From the Innovation Unit Vaults: "Shakespeare would have wanted the kids at Kingsmead school to study the Simpsons"

This summer, I'm re-posting some of the blog posts I wrote while I was working at the Innovation Unit in London, which disappeared when the Innovation Unit discontinued its blog. This post was my big moment in the sun: someone had managed to get national coverage for starting a petition demanding that students at a school stop studying The Simpsons in their Media Studies class, and focus on Shakespeare instead. Stephen Fry weighed in, and at one point tweeted the words "Well exactly" with a link to this post. Over 25,000 people read it. And now you can too:

The BBC reported today that over 400 parents at Kingsmead Community School in Somerset have signed a petition demanding that the school's Media module stop using class and homework time to analyse The Simpsons, and devote the newly freed-up time to studying Shakespeare. On BBC Radio 4's Today programme this morning, parent Joseph Reynolds particularly recommended A Midsummer Night's Dream. 'There's a time and a place for The Simpsons,' Reynolds said, 'but it doesn't belong in the classroom.' Reynolds appears to have a particular understanding of pedagogy, based on two commonly-held but erroneous premises: that the main function of education is to expose students to new things, and that education that prepares students to negotiate the day-to-day world they'll be living in is not 'real' education. I'll look at these assumptions in turn:

Exposure is not the same as understanding

People who don't understand education often think that a teacher's job is to introduce students to unfamiliar things. Actually, the best teachers help their students to look at familiar things with new eyes - so physics teaches students to look at suspension bridges in a new way, biology completely alters their understanding of saliva, and learning about the Holocaust completely transforms what they think when someone calls somebody else 'queer' on the playground.
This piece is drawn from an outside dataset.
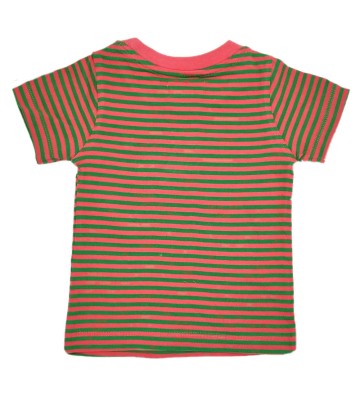 CAMISETA NIÑO BASICA PRINT  RAYAS VERDE/CORAL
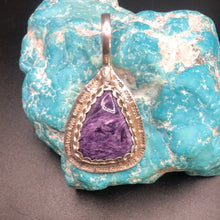 Load image into Gallery viewer, Charoite Stone and Sterling Silver pendant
It's wonderful when a teacher introduces you to something that you've never encountered before, but it's just as wonderful when teachers turn the everyday into something rich and strange. To their great credit, Kingsmead are standing behind their Media teachers. Assistant Head Andy Dunnett told the BBC that 'Students are encouraged to look at the text in a critical way. Initially it's about building up their skills as critical thinkers. They also learn about different aspects of the media audience, visual narrative, presentation and stereotypes, and some quite high level thinking ideas like satire, irony and parody.' This brings me to my response to Reynolds' second assumption...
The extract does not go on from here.